The Defendants asked for a cost of GH¢200,000.00. The Plaintiff’s counsel left it to the discretion of the court. Having regard to the conduct of the Plaintiff as shown by the evidence and the fact that family which has been cheated were rather dragged to this court compelling them to engage counsel all these years I think it would be fair and punitive cost of just to award GH¢100,000.00 against the Plaintiff in favour of the Defendants family.
“I grant the Defendants family possession of all the undeveloped and empty spaces … For the avoidance of doubt all areas not containing any residential building shall revert to the Nii Dodoo Clottey Family of Pokuase.
On a GH¢9,556,399.95 compensation received from Millennium Development Authority (MiDA) which one of the defendants had prayed the court to order the Plaintiff to refund in respect of the family land, the plaintiff’s counsel, was said to have interestingly failed or refused to respond to same in its address, however, having failed to honour the terms of the JVA, but “on the fact and the law the plaintiff has no business taking possession of the said money.

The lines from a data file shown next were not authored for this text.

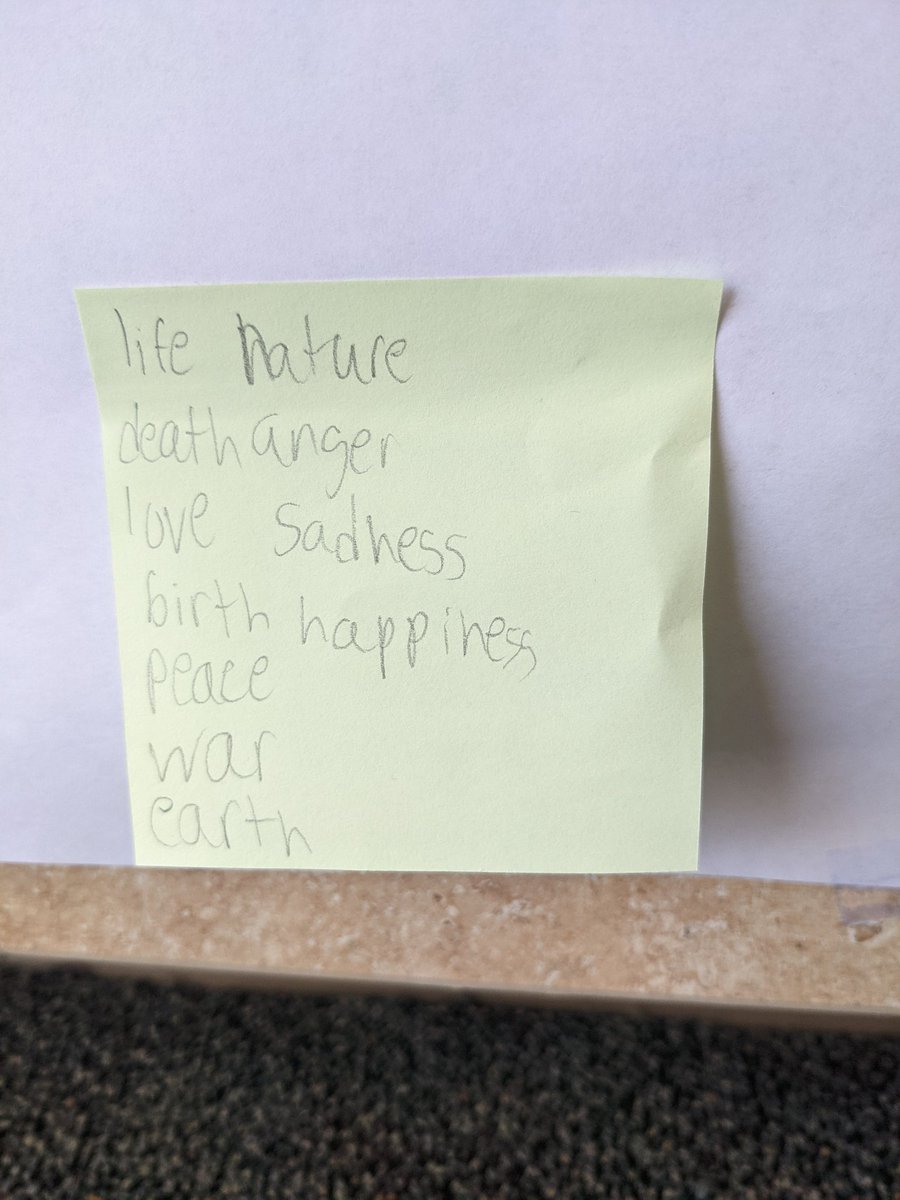 BooksRuleBrown's tweet photo. This lesson was brought to you by Post-It Notes! Although I was toggling between my students at home (thank you Padlet) and my students in class, today felt like a "normal" day. https://t.co/SMWP7ZssDq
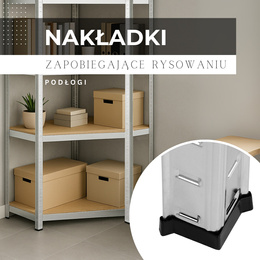 Regały metalowe 2 szt. z 5 półkami 180x90x40cm 875kg do garażu, piwnicy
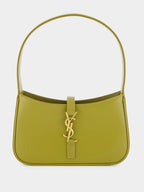 Le 5 à 7 Olive Drab Leather Shoulder Bag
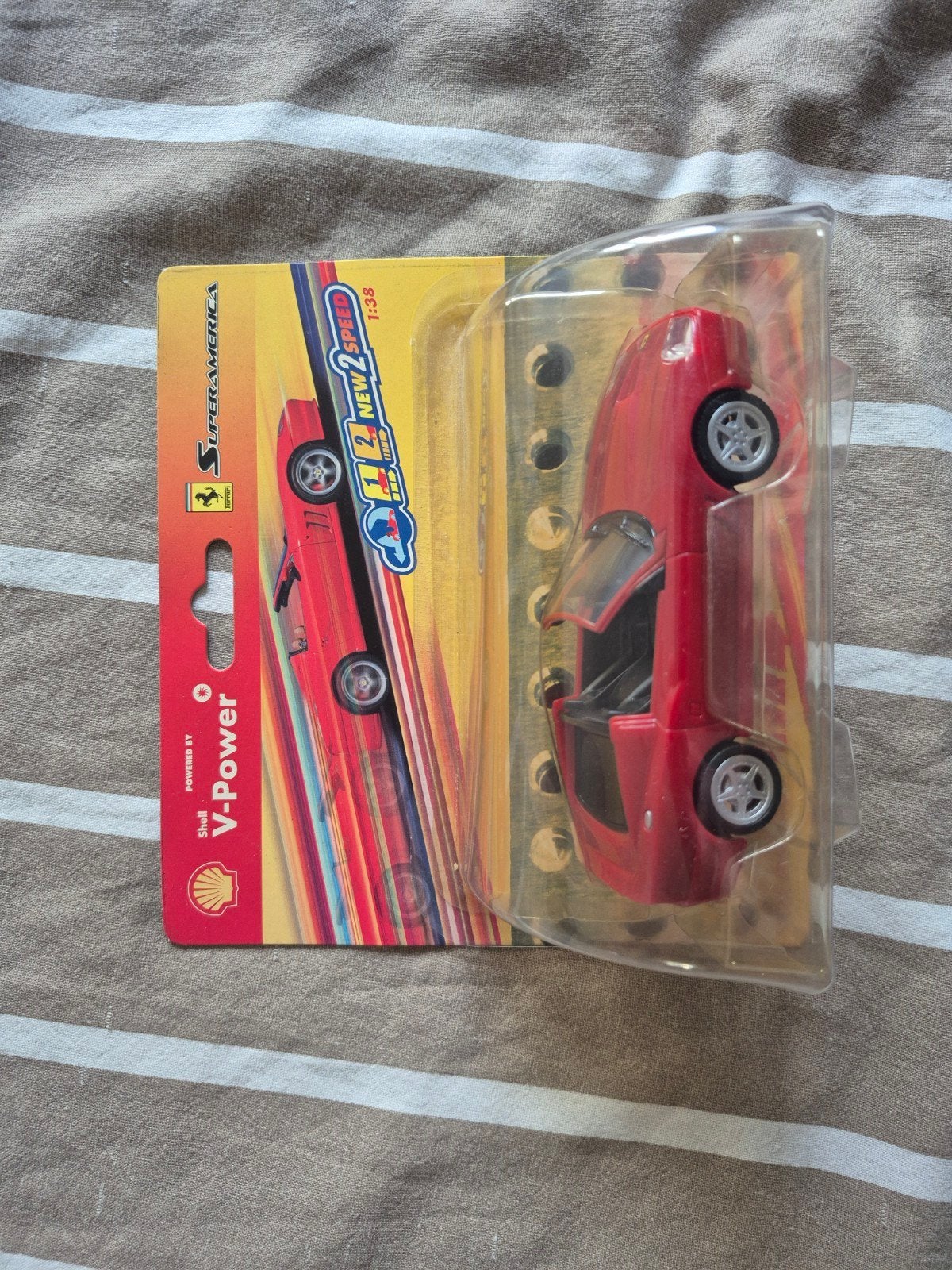 Shell Ferrari set - Nieuw in doos met reclamefolder, Ophalen of Verzenden, Nieuw, Auto, Overige merken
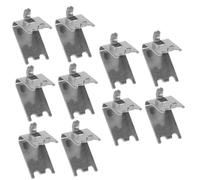 ERINGOGO 10 pièces Lot de Crochets Support Étagère Acier Inoxydable Épais Clips de Fixation pour Réfrigérateur et Congélateur et Faciles à Installer Accessoires pour Clayette Frigo et
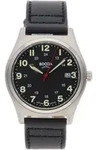 Boccia Uhr f&uuml;r Herren 3674-01 Quarz, Titan, Leder Schwarz - Schwarz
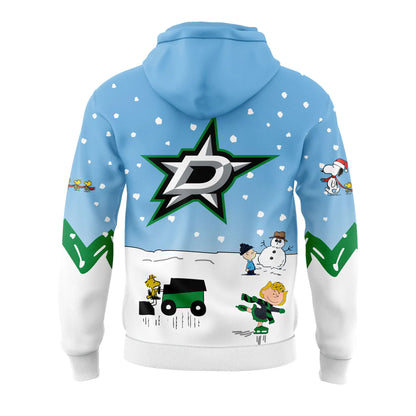 Dallas Stars Peanuts & Snoopy Night Hoodie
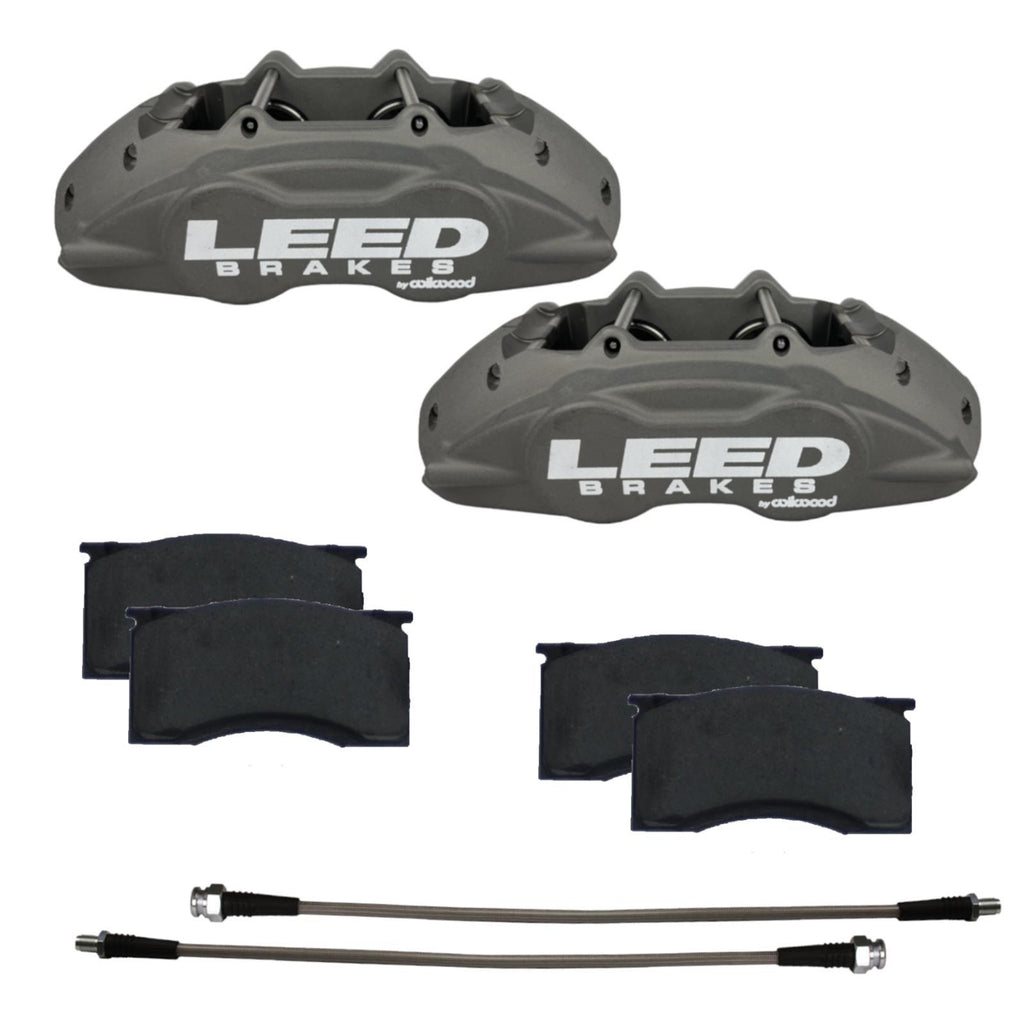 Leed Brakes 64-67 Mustang Brake Caliper/Pad Kit Anodized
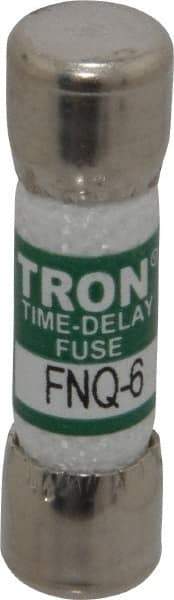 Cooper Bussmann - 500 VAC, 6 Amp, Time Delay General Purpose Fuse - Fuse Holder Mount, 1-1/2" OAL, 10 at AC kA Rating, 13/32" Diam - Caliber Tooling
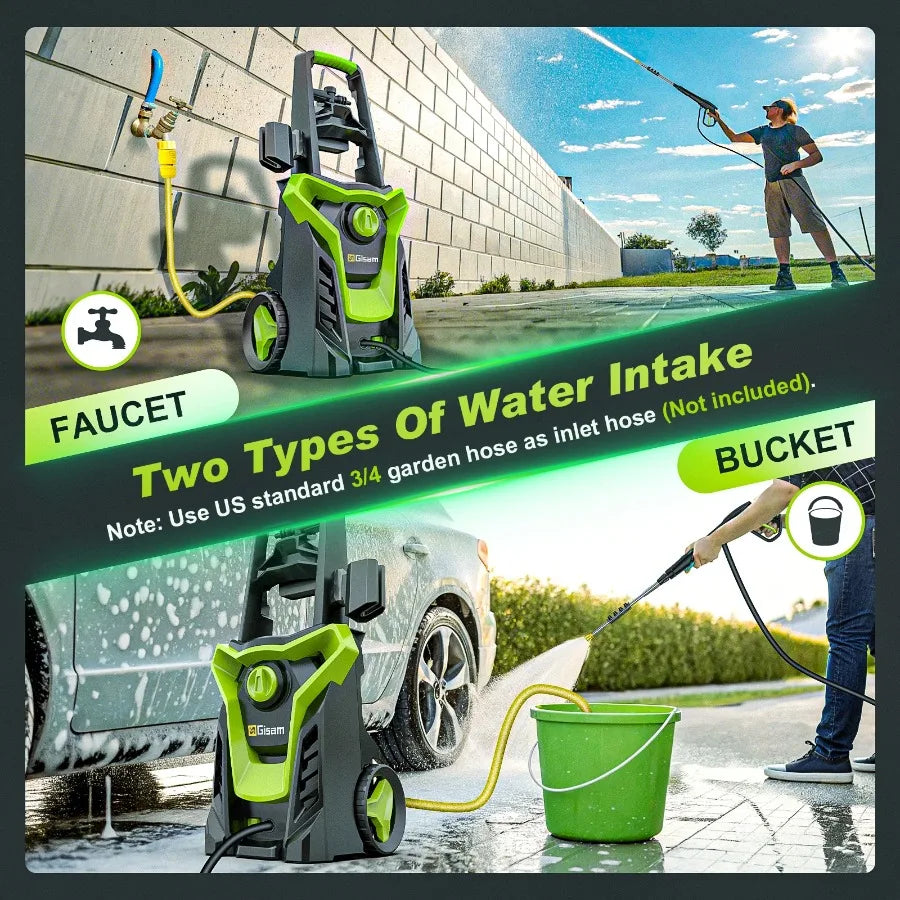Electric Pressure Washer – Four Nozzles & Foam Cannon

Hence release the amount of GHC9, 556,399.95 in its unlawful custody to the Defendants family, within five weeks from today i.e. 14th April 2023 at 12 noon. This order shall be brought to the notice of all the directors of the Plaintiff Company for compliance”.
It also emerged that Justice Gyamfi Osei, cited various landmark cases including Ashalley Botwe Lands: Adjetey Agbosu & Ors Kotey & Ors [2003-04] SCGLR 420 and Kwan and Nyieni 1959 GLR 67 CA to rebut the plaintiff’s claim that defendants lacked legal capacity to mount a fight for the disputed land either saying as individual members of the Nii Dodoo Clottey family they are bound by law to secure the interest in their ancestral property even in the absence of a similar move from a family head who chose not to do so for various reasons.
The trial judge was at a loss that “even per the terms of settlement which led to the release of the compensation claim from the custody of this court and which was prepared by the Plaintiff, the Plaintiff recognized that the 3r Defendant was acting for the Nii Dodoo Clottey Family. It ought to be noted that this compensation claim was in 2020 when this case was already in court. Hence it is quite baffling that the Plaintiff is still questioning the locus of the 3rd Defendant in this matter”.